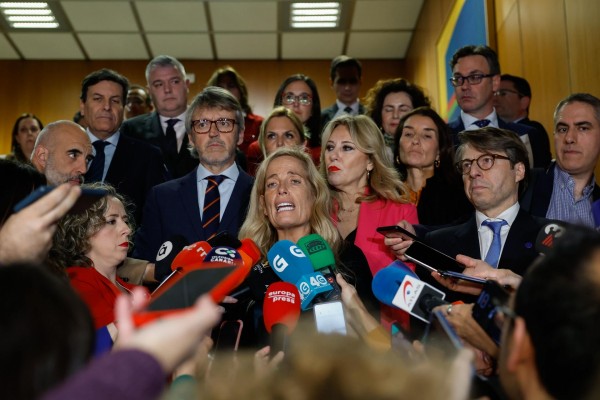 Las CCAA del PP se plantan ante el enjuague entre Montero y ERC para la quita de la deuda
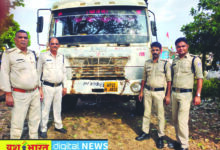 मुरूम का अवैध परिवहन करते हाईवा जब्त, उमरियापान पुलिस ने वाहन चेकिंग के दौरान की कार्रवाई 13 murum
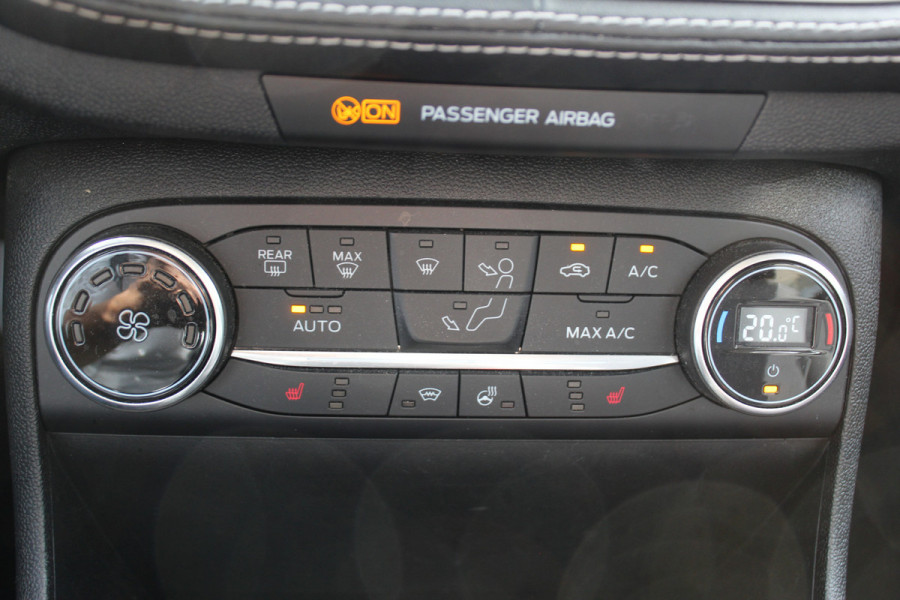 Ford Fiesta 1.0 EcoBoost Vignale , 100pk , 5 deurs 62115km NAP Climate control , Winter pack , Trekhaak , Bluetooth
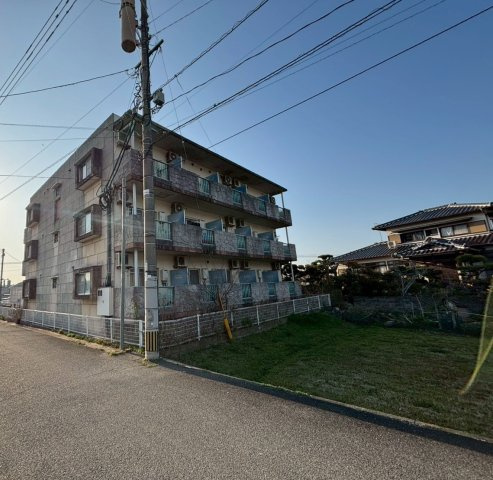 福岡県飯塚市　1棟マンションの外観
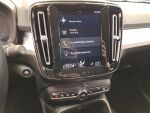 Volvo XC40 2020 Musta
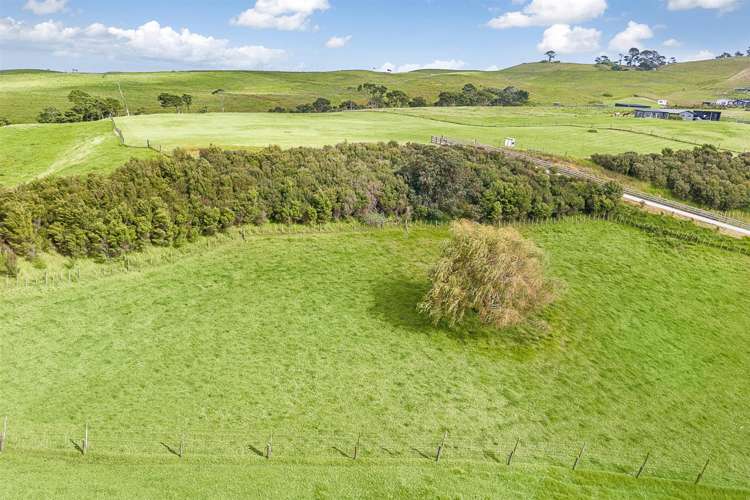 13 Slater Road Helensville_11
┄┄┄┄┄┄┄┄┄┄
## What is needed
For this exercise, transcribe exactly only the lines from the one containing "Volvo XC40 2020 Musta" through the end of the listing, inclusive, without the pictures.

## Response to the exercise
 Volvo XC40 2020 Musta
 13 Slater Road Helensville_11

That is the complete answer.